After Prohibition ended in B.C. in 1921, new legislation was passed in its wake that provided stringent government control over how liquor was sold, consumed and advertised.
And wouldn’t you know it? Those laws have had a lasting effect to this day.
CUSTOMERS STANDING AT A BAR?
Infraction! While all bars had a counter, patrons were prohibited from approaching it to order. That behaviour was thought to be too “saloon like” – an appearance that had to be avoided. The rule was designed to discourage fights and buying rounds. Patrons couldn’t stand up and move around with drinks.
FOOD BEING SERVED?
Infraction! No food, cigarettes or soft drinks could be sold in bars for the first 30 years of licensed drinking in post-Prohibition B.C. This was meant to encourage working men to return home for dinner. Everyone drank to excess instead.

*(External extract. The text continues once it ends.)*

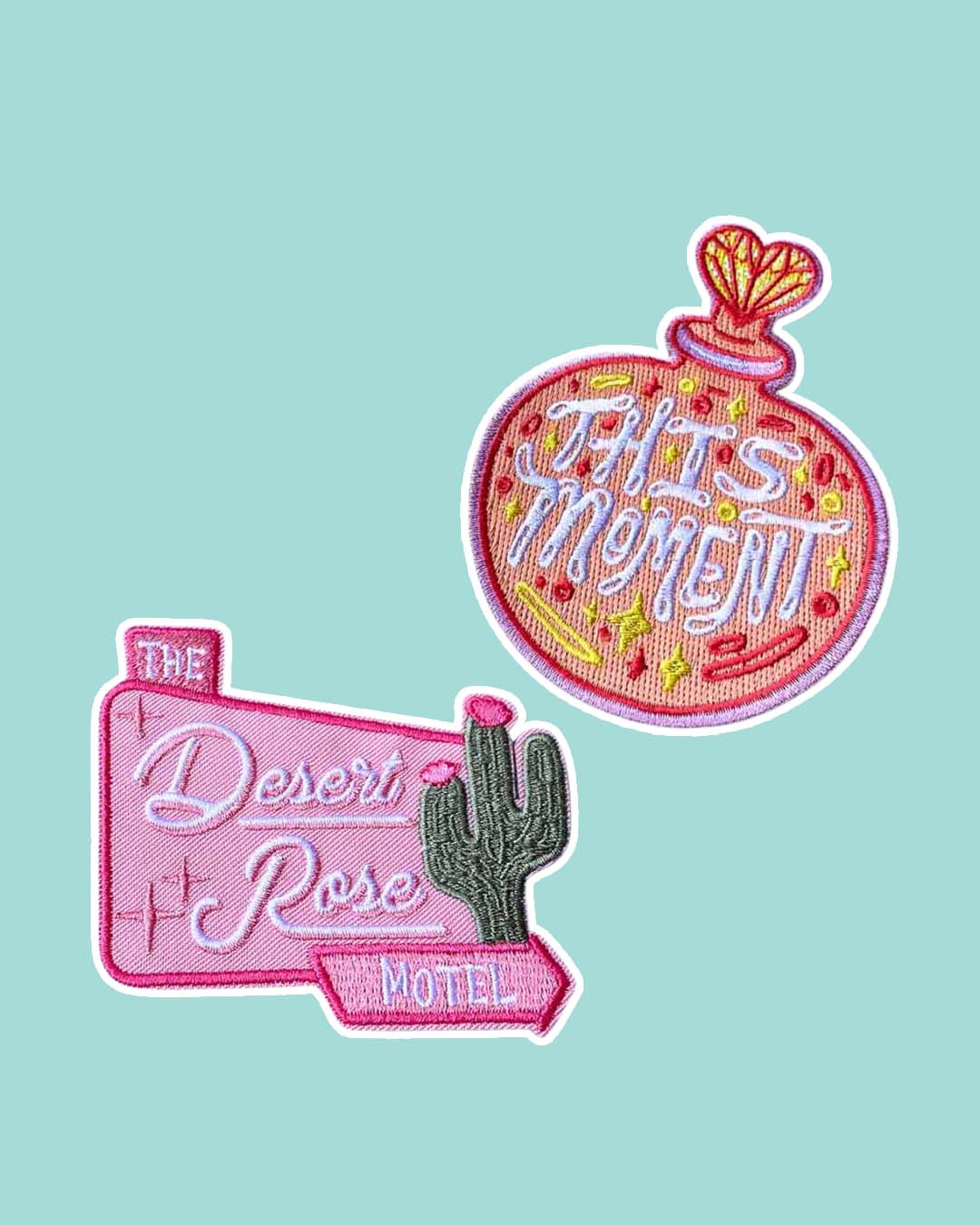 People We Meet on Vacation patch set featuring a perfume bottle with the phrase 'This Moment' written in it and a welcome sign for The Desert Rose Motel in pink with stars and a cactus.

OPEN BETWEEN 6 AND 7 P.M.?
Infraction! During the war years, in order to conserve beer, bars had to close over the dinner hour between 6-7p.m.
SINGLE WOMEN SITTING WITH MEN?
Infraction! Gender segregation regulations varied greatly in the post-Prohibition era. At various periods separate entrances, sitting areas and physical dividers were required in bars. Single or unescorted women mixing with men was thought to promote prostitution.

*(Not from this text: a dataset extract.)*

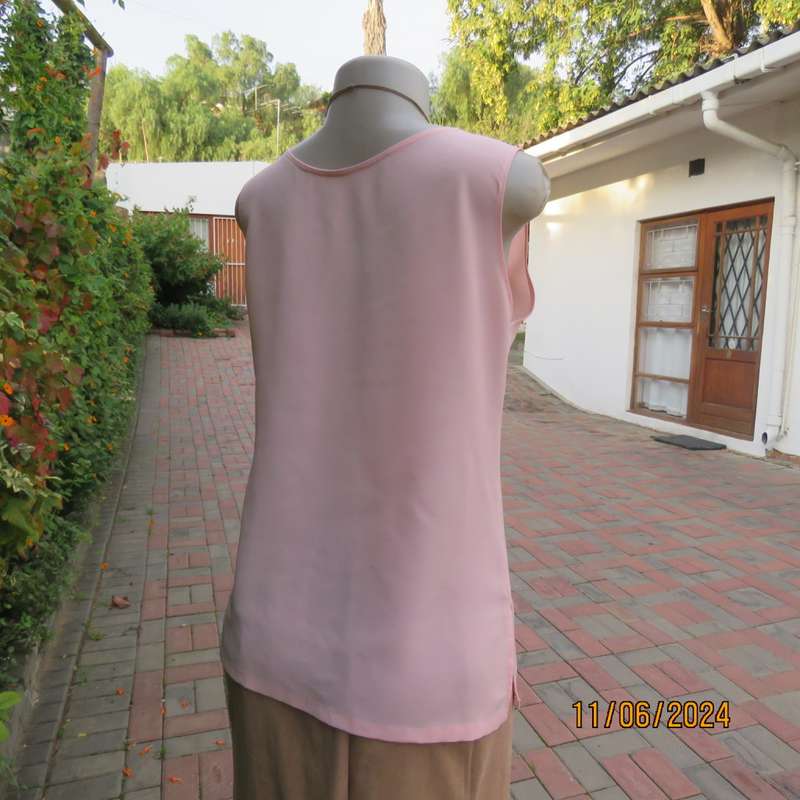Handy owner made rose pink slip over sleeveless top in came style. Size 34. In 100% polyester.As new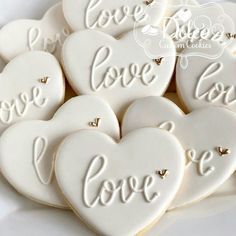 heart shaped cookies with the words love on them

FEMALE BARTENDERS OR SERVERS?
Infraction! While women were never technically prohibited from entering bars by law (although many bar owners made their own restrictions) women could not serve beer unless they had an ownership interest in the establishment.

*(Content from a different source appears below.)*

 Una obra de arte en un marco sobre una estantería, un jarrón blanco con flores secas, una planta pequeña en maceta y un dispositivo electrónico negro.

PINBALL MACHINE? DANCING? LIVE MUSIC?
Infraction! No games or entertainment, singing or dancing, nor musical instruments were permitted in bars. Lawmakers thought the absence of these would make hanging out in a bar all day less appealing. Instead it meant there was literally nothing else to do but drink. Most bars didn’t even have photos or paintings on the wall.
Infraction! Though booths were not prohibited by letter of the law, the Liquor Control Branch strongly discouraged them as they allowed for “intimate contact” between patrons.
MULTIPLE BRANDS OF BEER AVAILABLE OR ADVERTISED?
Infraction! Bars were only permitted to serve one brand of beer at a time, and that brand could not be advertised.